A. Indeed, the Biden administration appears to be on the side of Galant and of opposition figures like former IDF chief of staff Gadi Eizenkot. They warn of the danger that an Israel seemingly weakened by civil strife will lack the deterrent strength to prevent a multi-front war involving Iran, Hezbollah, Hamas in Gaza and an Intifada on the West Bank. Were such an all-out war to erupt, Biden would probably openly support Israel, unless and until it gets bogged down again in occupying Arab lands--something Israeli governments have avoided since the tragic 1982-2000 occupation in Lebanon.
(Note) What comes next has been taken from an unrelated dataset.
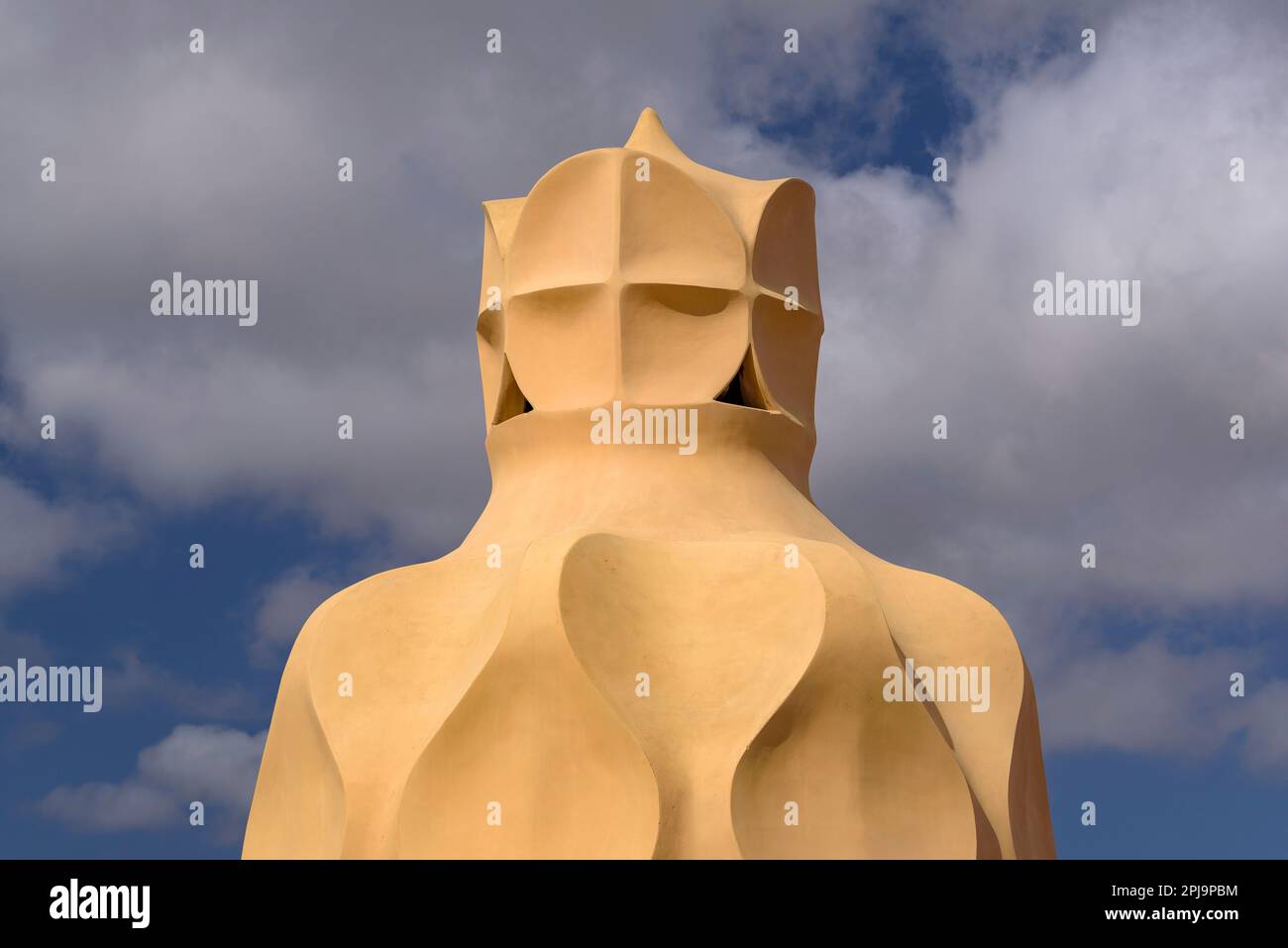 Stairwell topped with curved shapes and the 4-armed cross designed by Gaudí on the roof terrace of Casa Milà - La Pedrera, Barcelona Catalonia Spain Stock Photo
But Israel is now poised to revamp its security structure, a move that is generating alarm in circles both at home and abroad. In order to prevent his coalition from crumbling when he bent recently to pressure from the Israeli public and the United States and agreed to delay implementing judicial reform until May, Netanyahu gave in to a demand by National Security Minister Itamar Ben Gvir to create a ‘national guard’ under his direct command. On Sunday, all other ministries were informed by Finance Minister Bezalel Smotrich, a Ben Gvir ally, of a 1.5 percent cut in their budgets in order to create this new force, which Ben Gvir clearly intends to deploy in and against Arab communities in Israel.

Q. To be clear, you are talking about some sort of militia under the command of a racist, Kahanist minister with a long criminal record in the sphere of Arab-Jewish conflict in Israel and the occupied territories?
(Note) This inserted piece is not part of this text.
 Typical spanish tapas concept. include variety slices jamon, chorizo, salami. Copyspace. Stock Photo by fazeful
A. The national guard--a misplaced term borrowed from the US by Israelis who have no clue what the American version does--was originally conceived after the May 2021 conflict, which spread in an unprecedented manner into mixed Jewish-Arab cities and onto strategic axes of transportation where Arab neighbors blockaded roads. What if this happens in wartime, when the IDF needs to move forces to the northern border and encounters resistance by angry Arab citizens of Israel? The original idea was to create a reserve police unit available for emergency call-up and deployment if and when Arab-Jewish civil strife erupts again.

(We’ll leave aside for now what this forecast says about the slippery slope that Israel and the Palestinians are sliding down toward a highly conflicted binational entity.)
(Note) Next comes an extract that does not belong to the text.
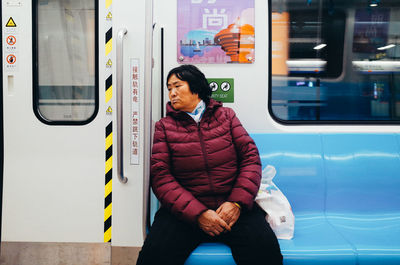 Portrait of woman looking at train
An expert committee has been set up by the government to decide who in the end will be in charge of the national guard. Israel Police Chief Kobi Shabtai still envisions it as a police reserve unit. Ben Gvir wants it under his direct command. Meanwhile the IDF is itself preparing forces to intervene in wartime against fellow (Arab) Israeli citizens--a terrible precedent if it transpires.

And Minister of Legacy Amichai Eliyahu from Ben Gvir’s Jewish Power party is arguing that the national guard under Ben Gvir’s ministry should deal with “citizens of the country who identify with the enemy,” citizens who committed acts such as “sexual molestation and rape against a nationalist backdrop,” in his words.

In today’s Israel, you can’t make this stuff up.

One way or another, as matters currently stand, Netanyahu is likely to move forward with undemocratic judicial ‘reform’ and civil strife is likely to continue and even escalate. That means growing involvement by the security community--police, striking reservists, a defense minister warning of major conflict, conceivably a vigilante ‘national guard’.

And an angry and appalled Joe Biden will look for new ways to demonstrate his discontent at losing a liberal, democratic ally in the Middle East.